When a user is authenticated, if the user does not exist, the user will be provisioned using the provisionUser function. If the organization provisioning is enabled and a provider is associated with an organization, the user will be added to the organization.
const auth = betterAuth({
plugins: [
sso({
provisionUser: async (user) => {
// provision user
},
organizationProvisioning: {
disabled: false,
defaultRole: "member",
getRole: async (user) => {
// get role if needed
},
},
}),
],
});Provisioning
The SSO plugin provides powerful provisioning capabilities to automatically set up users and manage their organization memberships when they sign in through SSO providers.
User Provisioning
User provisioning allows you to run custom logic whenever a user signs in through an SSO provider.

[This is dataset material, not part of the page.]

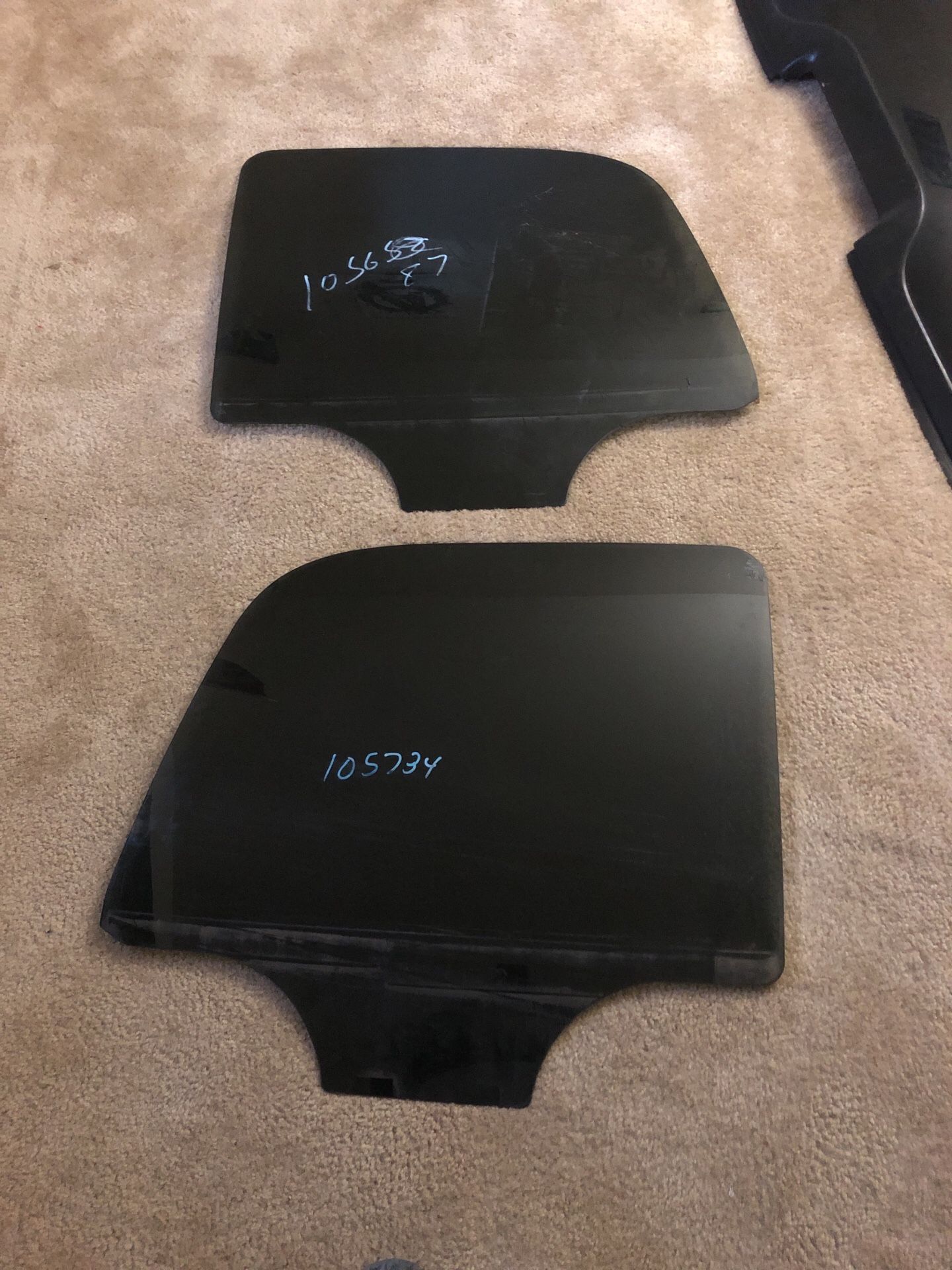 Rear windows 2000-2006 Chevy gmc truck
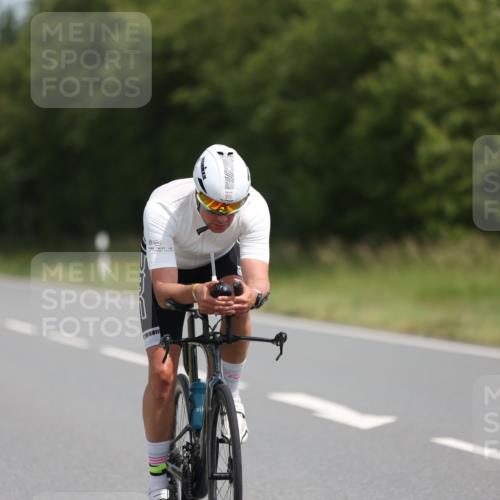 22.06.2025 - Viking Triathlon Yannick Fuchs http://msf.ph/oto/8096827 22.06.2025 11:59:25 Radfahren 2, 7, 87, 193, 196, 301, 611, 627, 661 meine-sportfotos.de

This is useful for:
- Setting up user profiles with additional data from the SSO provider
- Synchronizing user attributes with external systems
- Creating user-specific resources
- Logging SSO sign-ins
- Updating user information from the SSO provider
const auth = betterAuth({
plugins: [
sso({
provisionUser: async ({ user, userInfo, token, provider }) => {
// Update user profile with SSO data
await updateUserProfile(user.id, {
department: userInfo.attributes?.department,
jobTitle: userInfo.attributes?.jobTitle,
manager: userInfo.attributes?.manager,
lastSSOLogin: new Date(),
});
// Create user-specific resources
await createUserWorkspace(user.id);
// Sync with external systems
await syncUserWithCRM(user.id, userInfo);
// Log the SSO sign-in
await auditLog.create({
userId: user.id,
action: 'sso_signin',
provider: provider.providerId,
metadata: {
email: userInfo.email,
ssoProvider: provider.issuer,
},
});
},
}),
],
});The provisionUser function receives:
- user: The user object from the database
- userInfo: User information from the SSO provider (includes attributes, email, name, etc.)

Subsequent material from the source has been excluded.